→ **What is expected**:
Could you repeat the records below exactly as written?

Short web captions:
::::::::::

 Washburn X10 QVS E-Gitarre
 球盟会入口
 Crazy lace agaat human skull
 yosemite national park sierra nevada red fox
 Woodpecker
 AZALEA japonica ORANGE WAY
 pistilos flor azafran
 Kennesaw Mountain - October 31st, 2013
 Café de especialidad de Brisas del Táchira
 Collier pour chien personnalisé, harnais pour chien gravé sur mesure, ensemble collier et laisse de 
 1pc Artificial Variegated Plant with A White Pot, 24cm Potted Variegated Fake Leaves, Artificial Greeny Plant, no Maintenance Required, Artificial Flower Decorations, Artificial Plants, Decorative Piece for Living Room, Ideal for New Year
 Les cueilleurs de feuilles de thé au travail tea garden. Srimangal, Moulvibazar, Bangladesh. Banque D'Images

::::::::::

→ **Task solution**:
 Washburn X10 QVS E-Gitarre
 球盟会入口
 Crazy lace agaat human skull
 yosemite national park sierra nevada red fox
 Woodpecker
 AZALEA japonica ORANGE WAY
 pistilos flor azafran
 Kennesaw Mountain - October 31st, 2013
 Café de especialidad de Brisas del Táchira
 Collier pour chien personnalisé, harnais pour chien gravé sur mesure, ensemble collier et laisse de 
 1pc Artificial Variegated Plant with A White Pot, 24cm Potted Variegated Fake Leaves, Artificial Greeny Plant, no Maintenance Required, Artificial Flower Decorations, Artificial Plants, Decorative Piece for Living Room, Ideal for New Year
 Les cueilleurs de feuilles de thé au travail tea garden. Srimangal, Moulvibazar, Bangladesh. Banque D'Images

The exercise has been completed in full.